WHAT THE EXERCISE ASKS
Your copy starts at the line containing "伯仕源2008-3型五级过滤器家用直饮厨房超滤净水机过滤芯原装正品" and ends at the last line of the material below. Reproduce those lines exactly, with no pictures.
Start of COLLECTED DATA
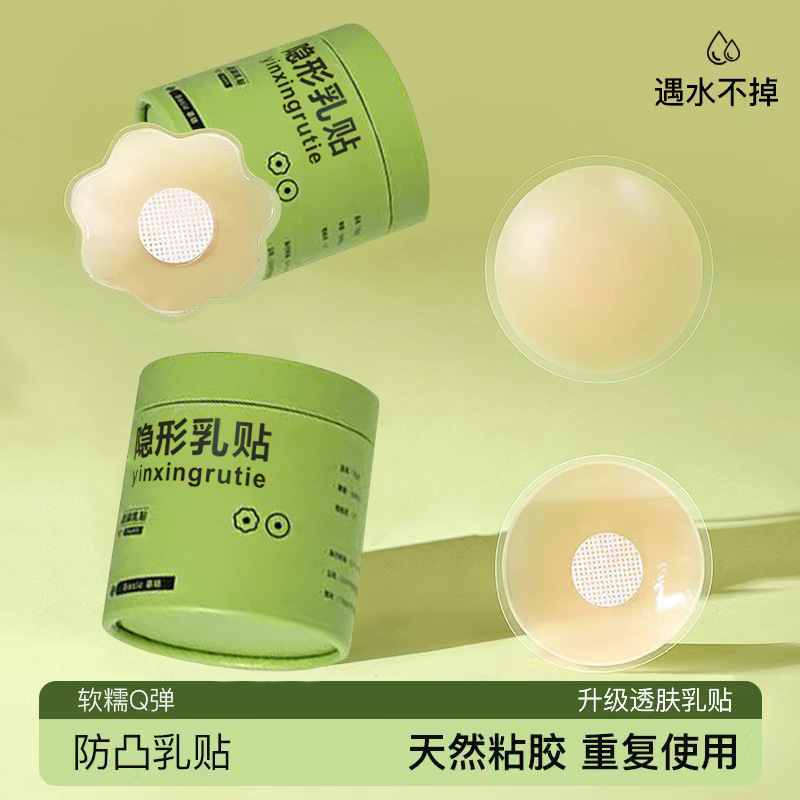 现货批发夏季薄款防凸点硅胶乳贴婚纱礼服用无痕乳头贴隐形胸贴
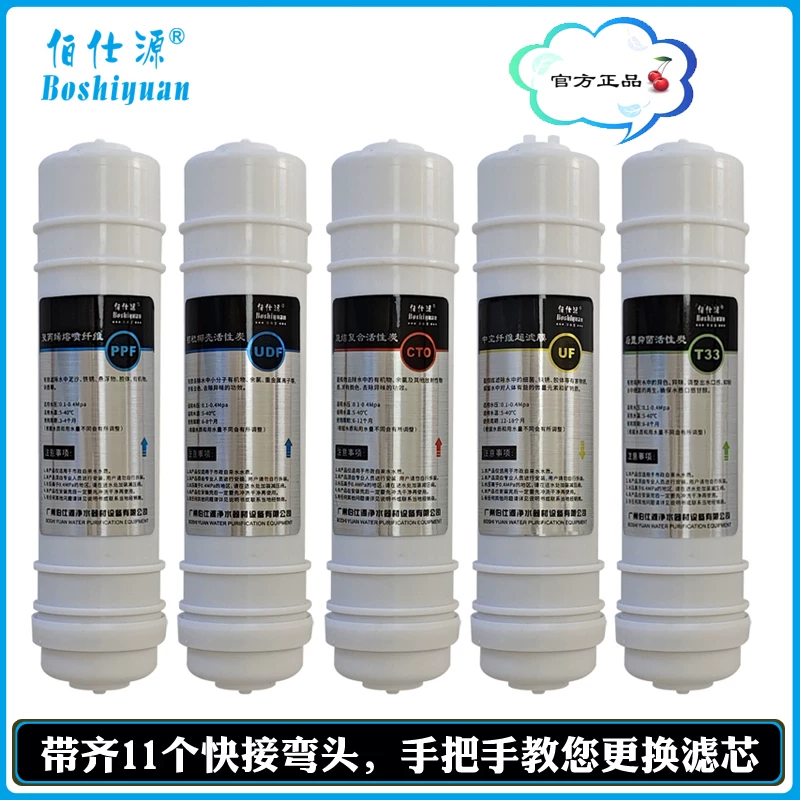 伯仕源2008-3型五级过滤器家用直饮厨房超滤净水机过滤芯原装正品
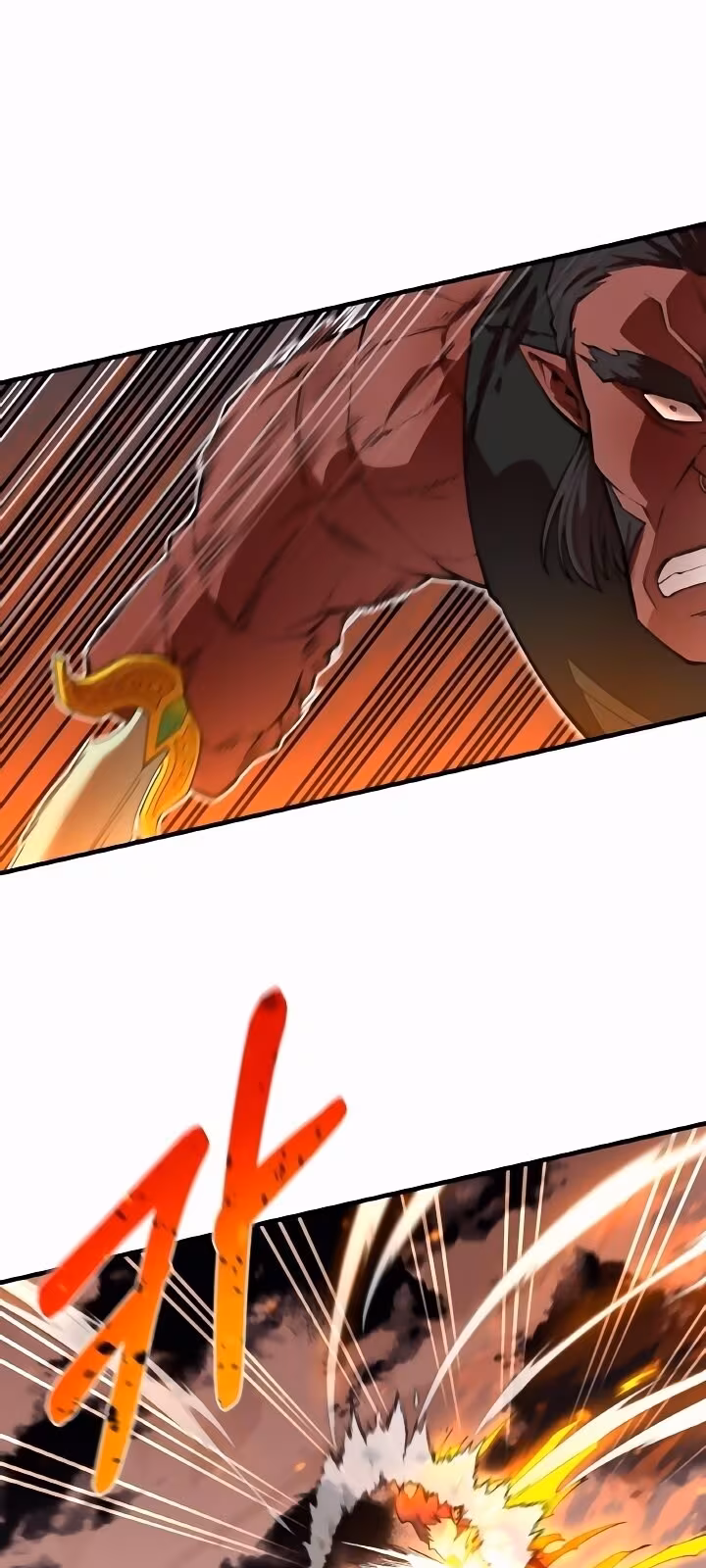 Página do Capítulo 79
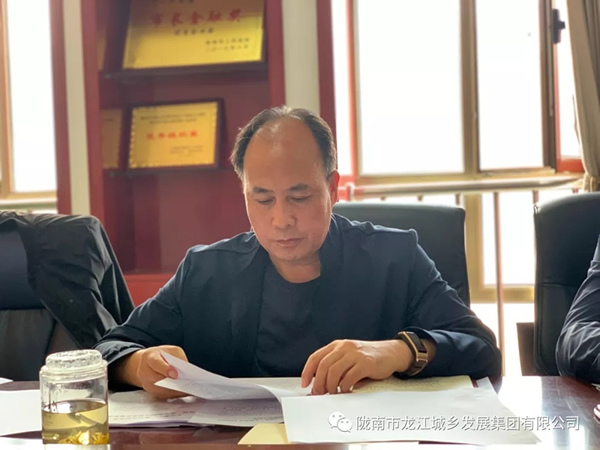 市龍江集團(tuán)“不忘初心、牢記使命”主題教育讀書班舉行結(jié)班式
End of COLLECTED DATA
RESPONSE TO THIS TASK
 伯仕源2008-3型五级过滤器家用直饮厨房超滤净水机过滤芯原装正品
 Página do Capítulo 79
 市龍江集團(tuán)“不忘初心、牢記使命”主題教育讀書班舉行結(jié)班式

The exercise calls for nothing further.